Curation
Curation is the key.
People provide the episodic torrents of non-contextualized
headlines and experts/ journalists provide the analysis. The
experts choose the signal amid the noise, and after the crowd
is exposed to that signal, the rest of the noise will make more
sense.
The tools experts use to document and share what they curate is
a whole other topic, but it won't solely come in the form of
blog posts. There needs to be a more complex, searchable,
taggable, meta-data-filled system for organizing contextual
data.
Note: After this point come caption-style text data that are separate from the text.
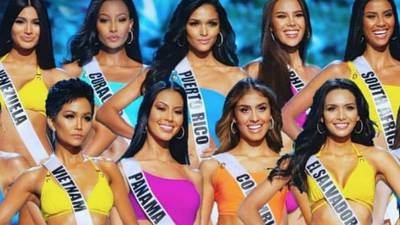 Polémico video previo a la gran final de Miss Universo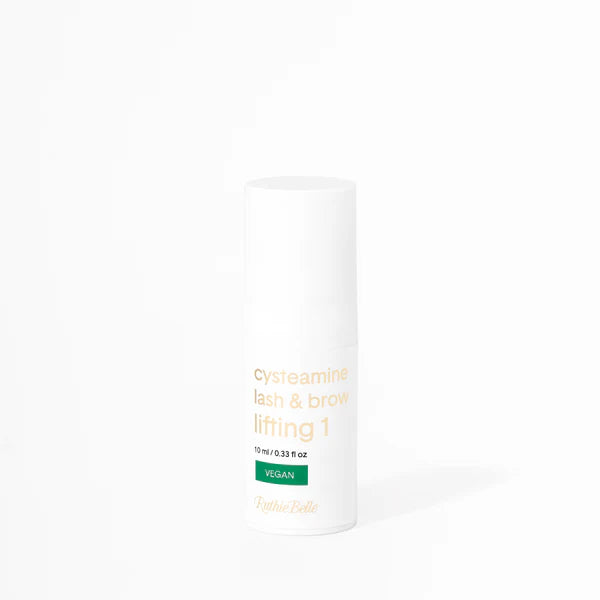 Ruthie Belle - Cysteamine Lash & Brow Lifting Lotion - 10ml - Step 1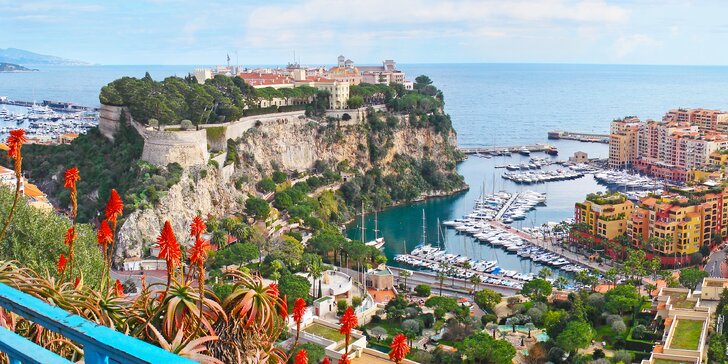To najlepšie z Provensálska: od Monaca až k levanduľovým poliam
I don't know what that system looks like, but I do know
it doesn't exist yet.
from Lauren Rabaino
Context is the key
As Tim Carmody says, it's about actors in a story, who they are
and how they interrelate, it's about how different articles
addressing the same topic hang together and their defining
events, et cetera. That means biographies on people and
profiles on organizations, it means topic pages that amount to
more than just links to the articles they contain, it means
timelines that show pivotal points and shows which news
articles talk about which part of that bigger story, it means
maps of where these things are happening, it means an
explanation of why this is important and to whom it is
important. Hardly rocket science, just plain ol context as
we've always understood it.
The problem isn't that we need more innovation or that we need
to invent cool techniques to bring context. Maybe we need that
too, but the key problem is that we know how to provide the
necessary context for news stories, yet no-one seems to really
do it.
The How? question needs to be How can we change our workflows
and attitude to provide more background for readers, how can we
change the newsroom? Let's first get those basics down.